Tuesday, March 21, 2006
posted by Q6 at 6:11 PM
Ah, Spring. Baseball fanatics awake from hibernation, seasonal fruit returns from its winter journey, and educators begin a game of career-based musical chairs. Although the school year begins in September (and one would think that the educational draft pick occurs over the summer), the choice jobs are all usually gone by the end of April. So educators (particularly administrators) seeking change will begin looking as early as November. With the ease of the Internet these days, it's not hard to see what positions are available (in California we use Edjoin.org); I peruse them every once in a while, though I've already received my contract for next year. It's nice, occasionally, to see what shade of green the neighbors' grass is. Administrative shifts in any school district are a lot like reality TV: we pay attention to see what effects politics, rumor, scandal, and nepotism can have on an organization. So says the only administrator not voted off the island last year.
 
Monday, March 20, 2006
posted by Q6 at 10:07 PM
Today I was standing in the front office when a teacher, whom I’ve worked with closely for almost five years and still have no idea where most of his loyalties lie, asked me, “Hey, is that a new shirt and tie?”

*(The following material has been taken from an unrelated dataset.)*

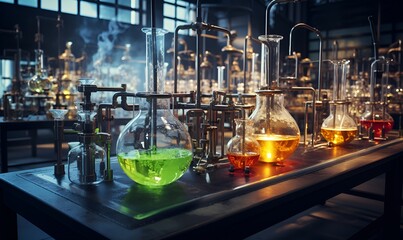 chemical liquid in glass bottle in laboratory, ai generative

“No,” I replied. He looked me over a second time.

“Are you sure?”

I just stood there and blinked for a moment. In that blink, a myriad of responses filled my brain—it was just a matter of picking one that would work best with someone whose loyalties are still nebulous after five years. Among the best of these possible responses were:

(a) “Well, I haven’t been shirt shopping in about two years, so I suppose it has a lot to do with how you’re defining ‘new’.”
(b) “Actually, I think this was a shirt my ex-wife gave me; and since I pitched her over the side a year and a half ago, yes, I’m pretty sure.”
(c) “Yeah, I’m sure.”

I went with (c). Since my wardrobe was clearly taxing him enough, hitting him with wit was hardly fair. It makes me wonder, though, about the environment I’m in and the people I’m working with.
 
Monday, March 13, 2006
posted by Q6 at 4:09 PM
Measure A is a bond measure which provided schools in our area with an obscene amount of modernization money—money which, apparently, we can only receive if we use it to modernize things like paint, lights, and flooring (things that are, in school terms, highly perishable and anything but “modern”). The entire program also seems to insure that certain aspects of our facility that failed to function properly would, when modernization is complete, still fail to function.

Case in point: the English Department Office. (I refer to it as “the fishbowl” for two reasons: first, it is a six-by-six foot room that is entirely encased in glass and sits in a high-traffic hallway for everyone to see; second, I have a penchant for assigning quippy names for things, names that almost always fail to catch on.) This little cell has never had appropriate climate control, which is to say the air conditioning works far too well. As a result, English teachers have spent their supplementary grading time in the library, in classrooms, and even in the front office where certain administrators (myself excluded) think it a terrible idea to actually present the idea that someone is working harder than they are.

Measure A has now finished that part of campus in which the frozen fishbowl is contained, and its Arctic climes continue to drive working people into the light of day. We are, if nothing else, terribly consistent.